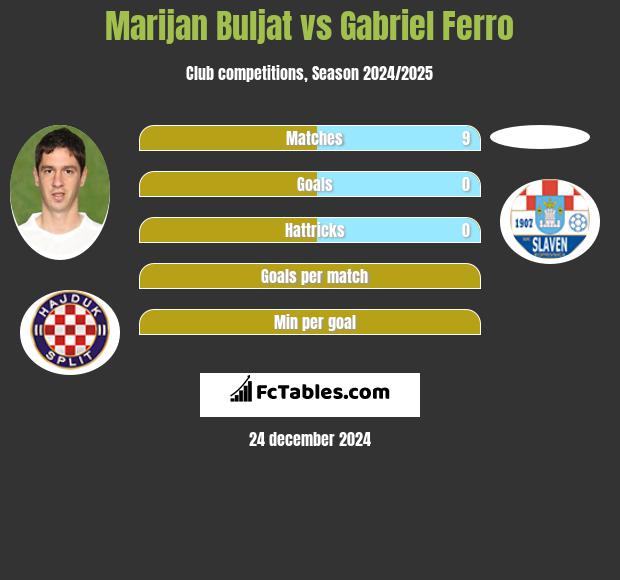 Marijan Buljat vs Gabriel Ferro h2h player stats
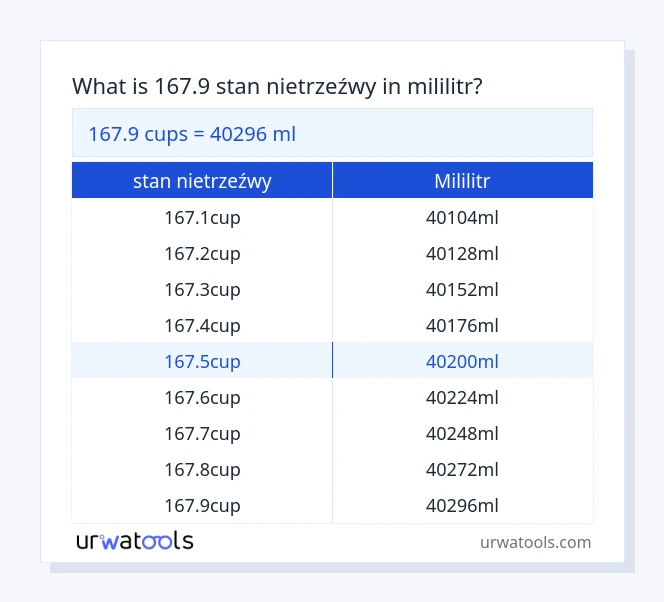 167.9 stan nietrzeźwy do mililitr tabeli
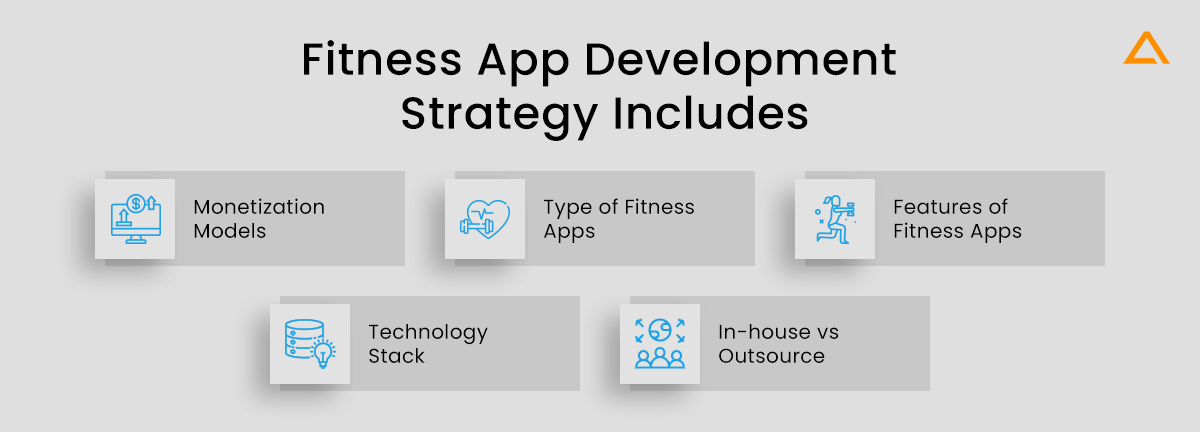 Fitness App Development Strategy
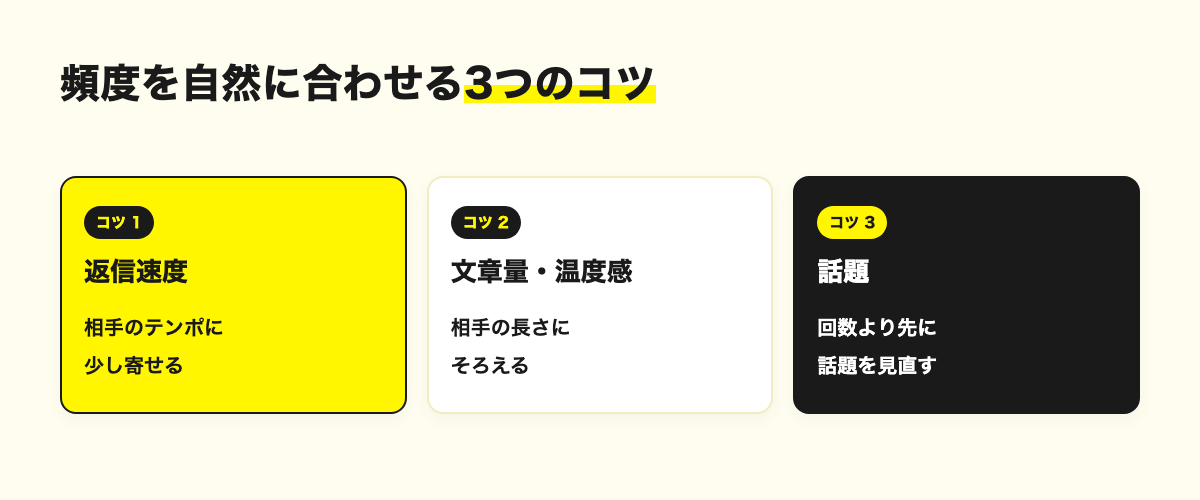 メッセージ頻度を自然に合わせる3つのコツ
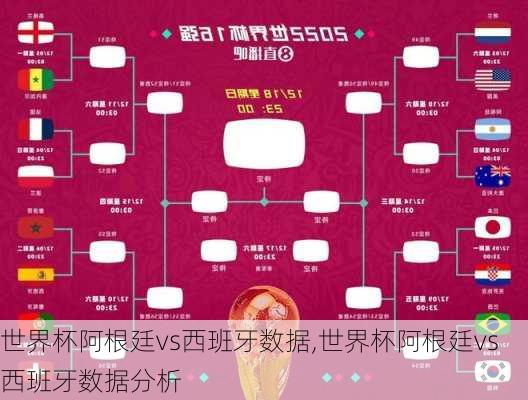 世界杯阿根廷vs西班牙数据,世界杯阿根廷vs西班牙数据分析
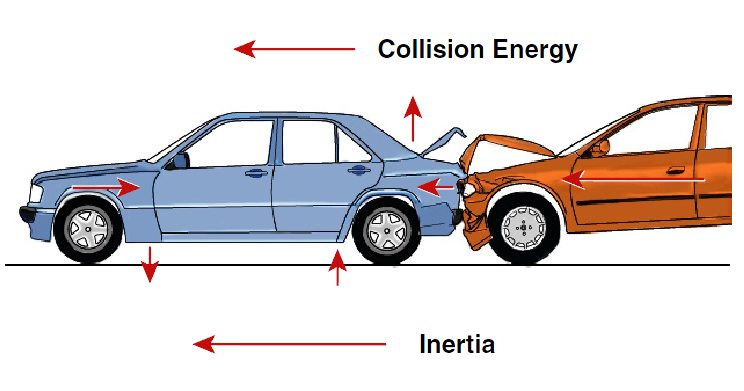 The Physics of a Car Collision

------------------------------

### INSTRUCTIONS FOR THE TASK
None of the pictures belong in the copy. Write out exactly the lines from the line that holds "167.9 stan nietrzeźwy do mililitr tabeli" through the last line of the listing above, both ends included.

### RESULT OF THIS EXERCISE
 167.9 stan nietrzeźwy do mililitr tabeli
 Fitness App Development Strategy
 メッセージ頻度を自然に合わせる3つのコツ
 世界杯阿根廷vs西班牙数据,世界杯阿根廷vs西班牙数据分析
 The Physics of a Car Collision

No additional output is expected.